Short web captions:
══════
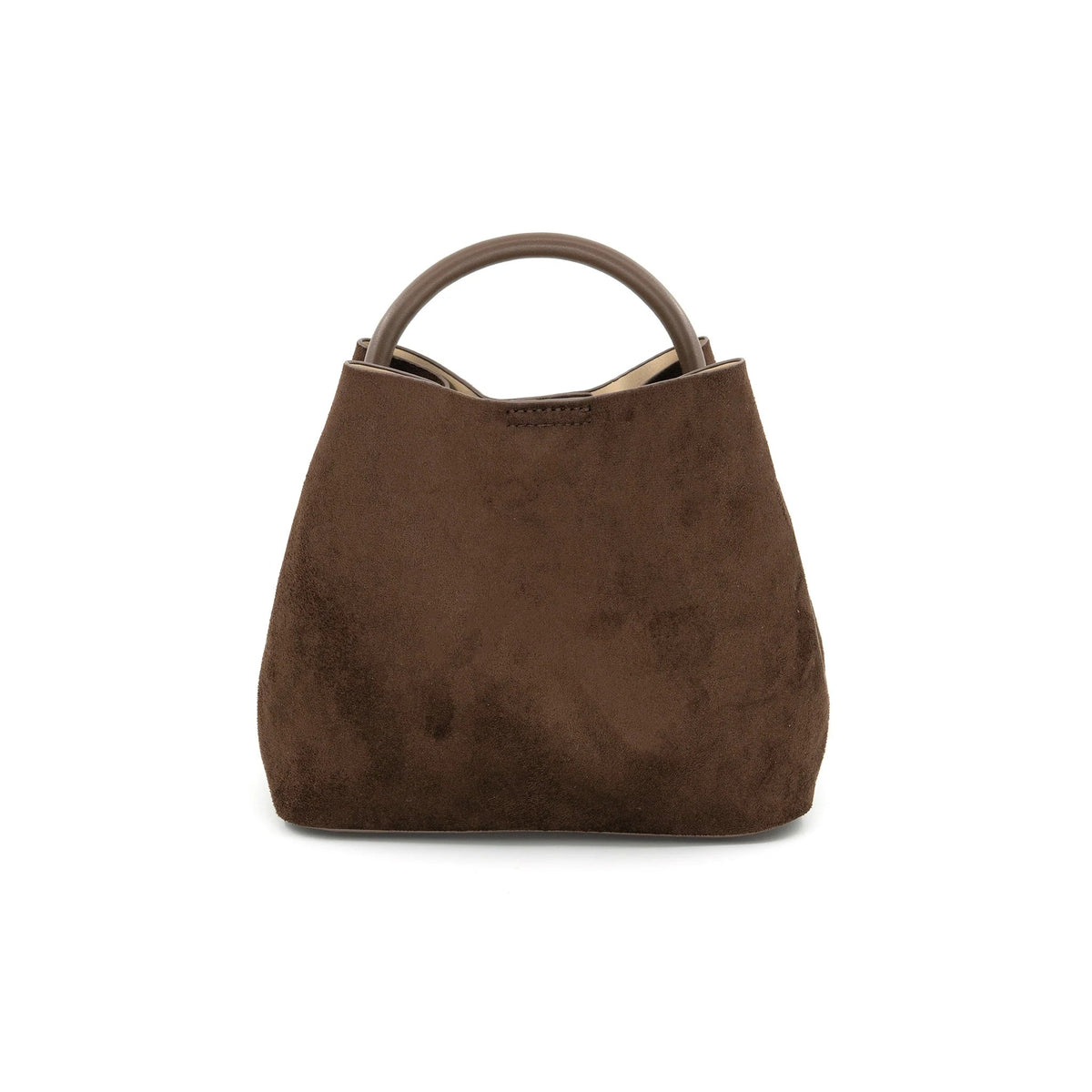 Chocolate Brown Faux Suede Mini Bucket Bag with Round Top Handl - Anderson Ave boutique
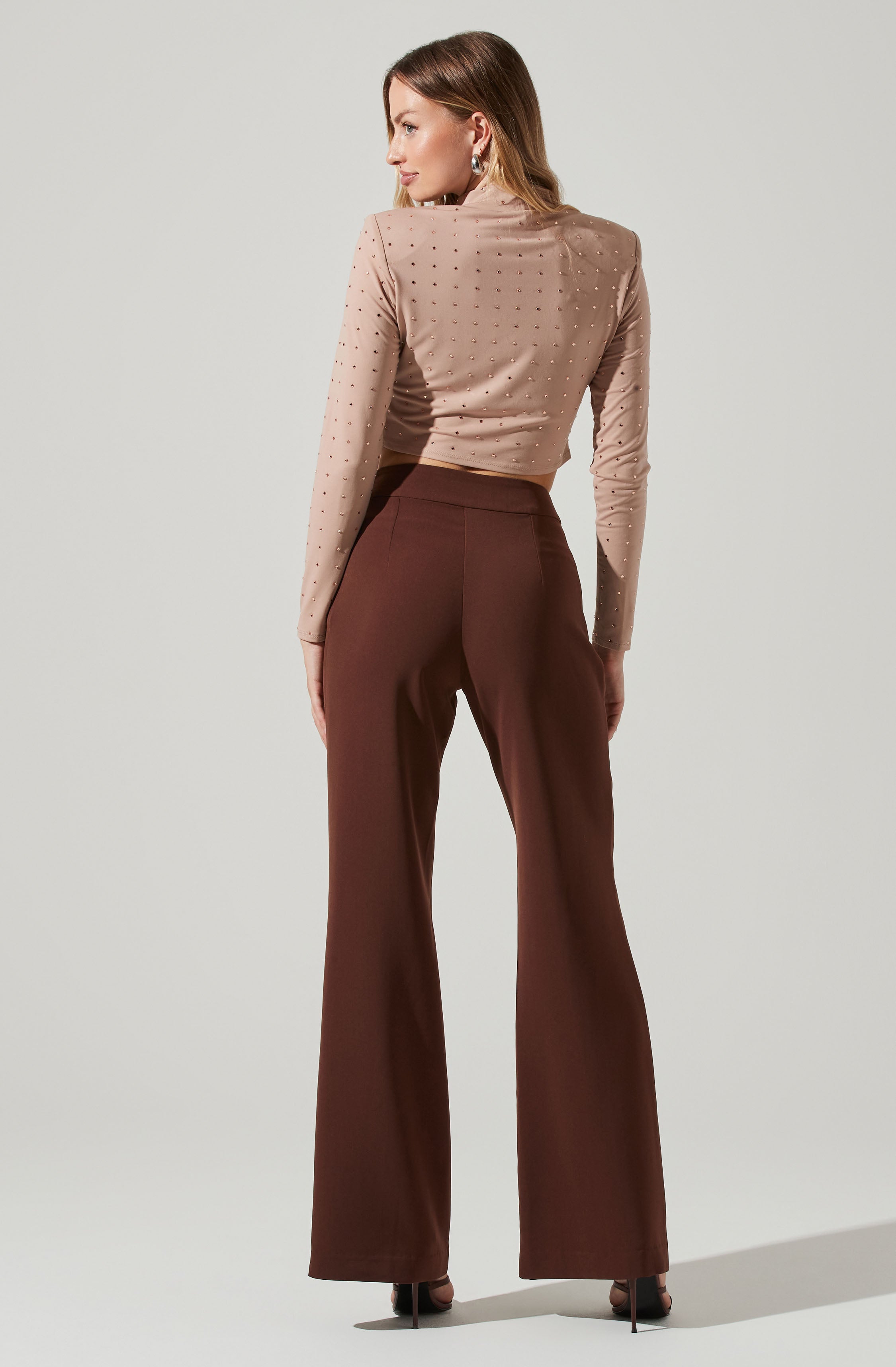 Esther Embellished Mock Neck Top-Aljck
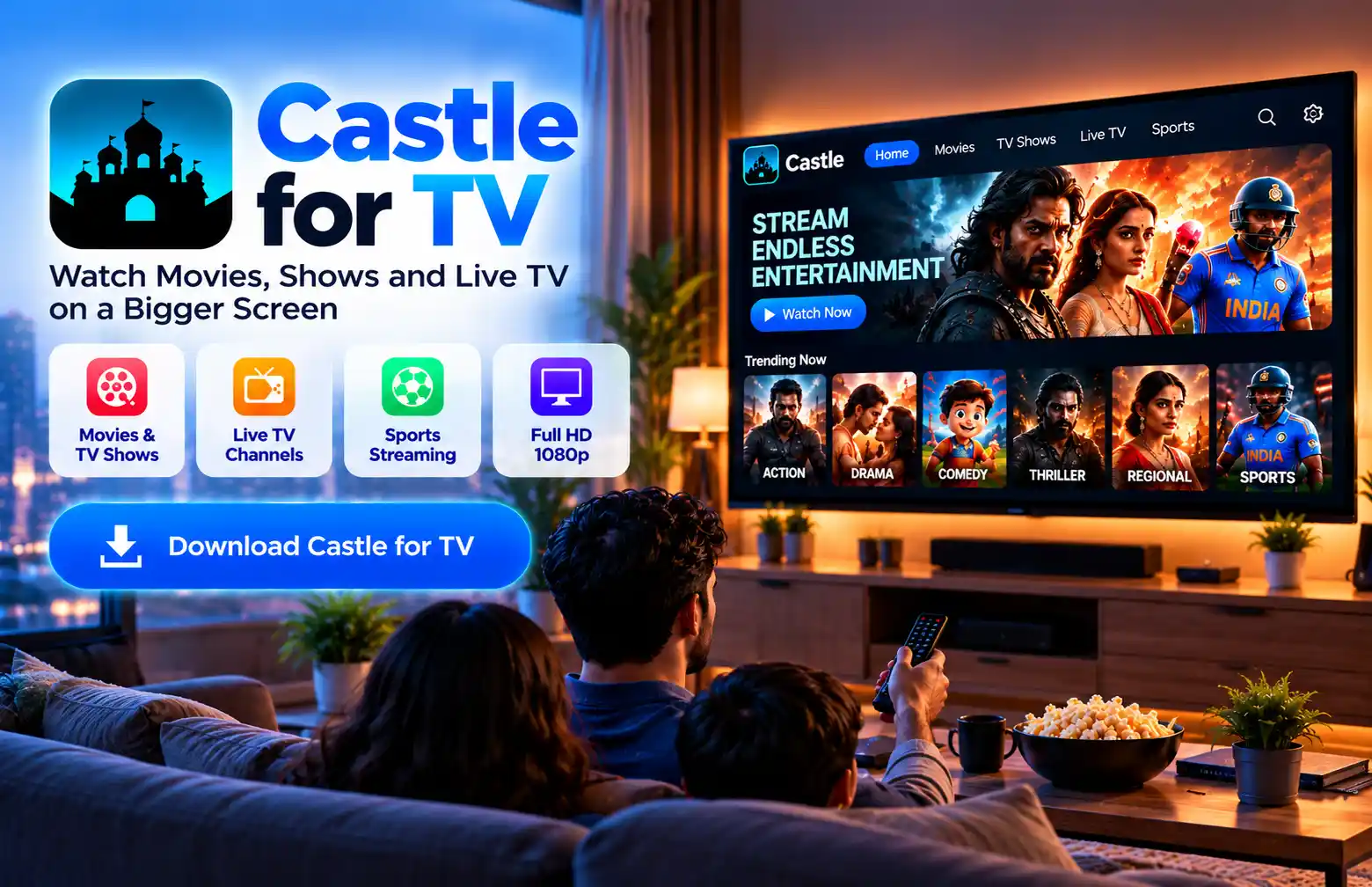 Family watching entertainment on Castle for TV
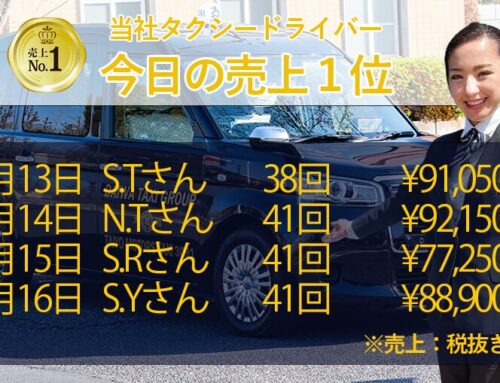 2025年3月3日～16日　売上トップタクシードライバー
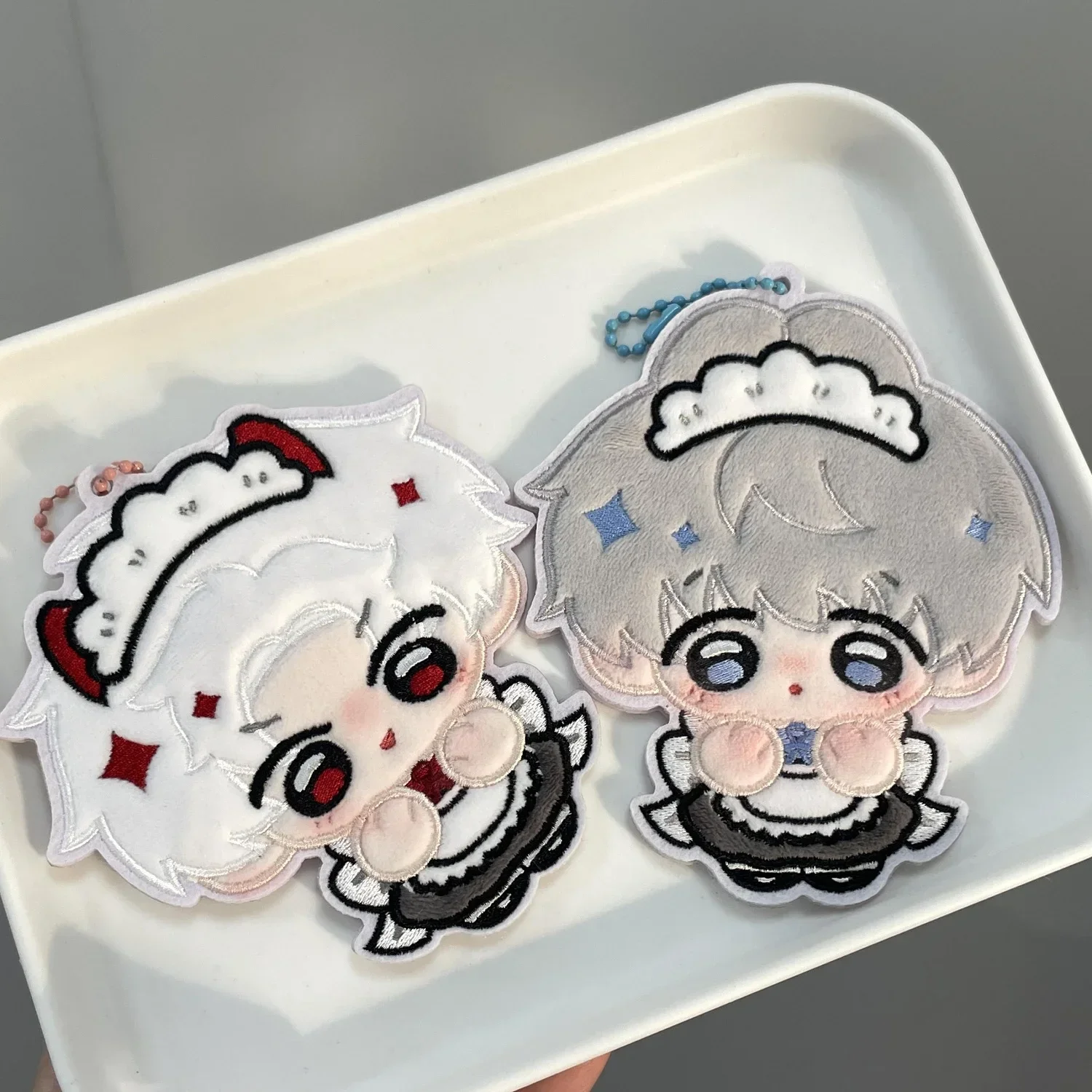 Anime miłość i głębokie przestrzeń Sylus Rafayel Xavier Zayne Caleb Cosplay haftowana naklejka brelok Cartoon włóknina brelok wisiorek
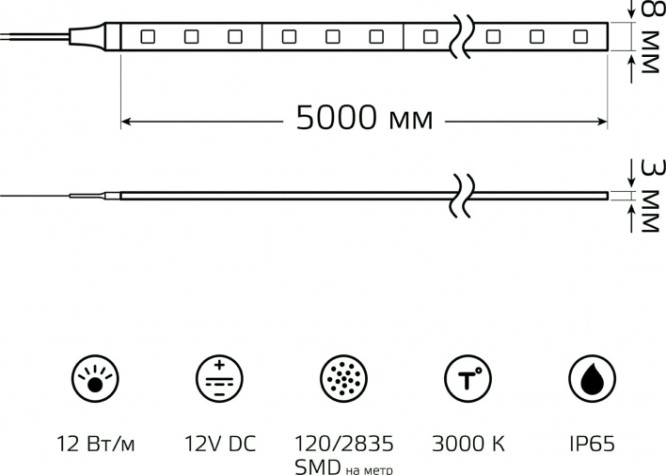Лента светодиодная GAUSS BT070 basic в комплекте 12v 12w/m 1200lm/m 3000k ip65 le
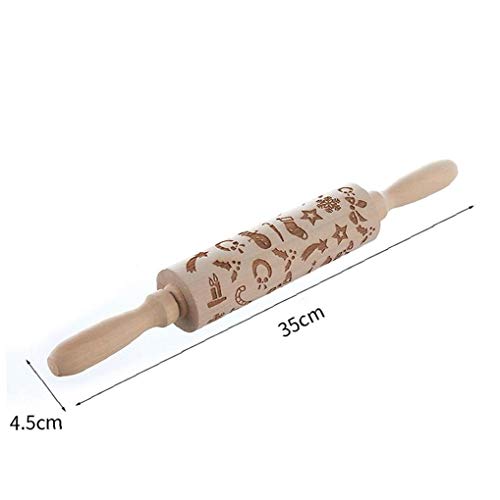 Patrón 1pc De Madera En Relieve Rodillos Antiadherente Estrella Media De La Navidad Dough Roller Elegante Galletas De La Galleta De Amasar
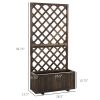 Wooden Raised Garden Bed with Trellis Planter Box Drain Holes for Climbing Vine Plants Brown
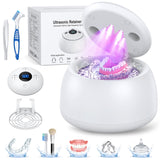 TEBAL Ultrasonic Retainer Cleaner Machine, 52kHz Ultrasonic Denture Cleaner for Night Guards, Braces, Aligner, Toothbrush, Jewelry and More, Dental Cleaning Pod with Digital Timer & 250ML, White
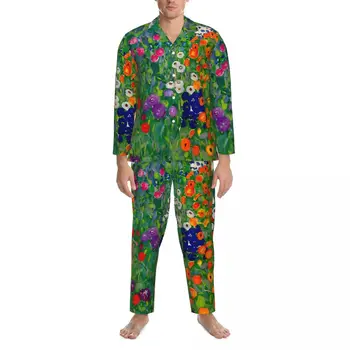 Пижами за мъже Diana Klimt Art Night спално облекло Garden Cottage, Комплект от 2 теми, ежедневни пижама с дълъг ръкав, сладък домашен костюм голям размер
══════
• **Problem description**:
In your copy, include no pictures; print every line above exactly.

• **Task output**:
 Chocolate Brown Faux Suede Mini Bucket Bag with Round Top Handl - Anderson Ave boutique
 Esther Embellished Mock Neck Top-Aljck
 Family watching entertainment on Castle for TV
 2025年3月3日～16日　売上トップタクシードライバー
 Anime miłość i głębokie przestrzeń Sylus Rafayel Xavier Zayne Caleb Cosplay haftowana naklejka brelok Cartoon włóknina brelok wisiorek
Лента светодиодная GAUSS BT070 basic в комплекте 12v 12w/m 1200lm/m 3000k ip65 le
 Patrón 1pc De Madera En Relieve Rodillos Antiadherente Estrella Media De La Navidad Dough Roller Elegante Galletas De La Galleta De Amasar
 Wooden Raised Garden Bed with Trellis Planter Box Drain Holes for Climbing Vine Plants Brown
 TEBAL Ultrasonic Retainer Cleaner Machine, 52kHz Ultrasonic Denture Cleaner for Night Guards, Braces, Aligner, Toothbrush, Jewelry and More, Dental Cleaning Pod with Digital Timer & 250ML, White
 Пижами за мъже Diana Klimt Art Night спално облекло Garden Cottage, Комплект от 2 теми, ежедневни пижама с дълъг ръкав, сладък домашен костюм голям размер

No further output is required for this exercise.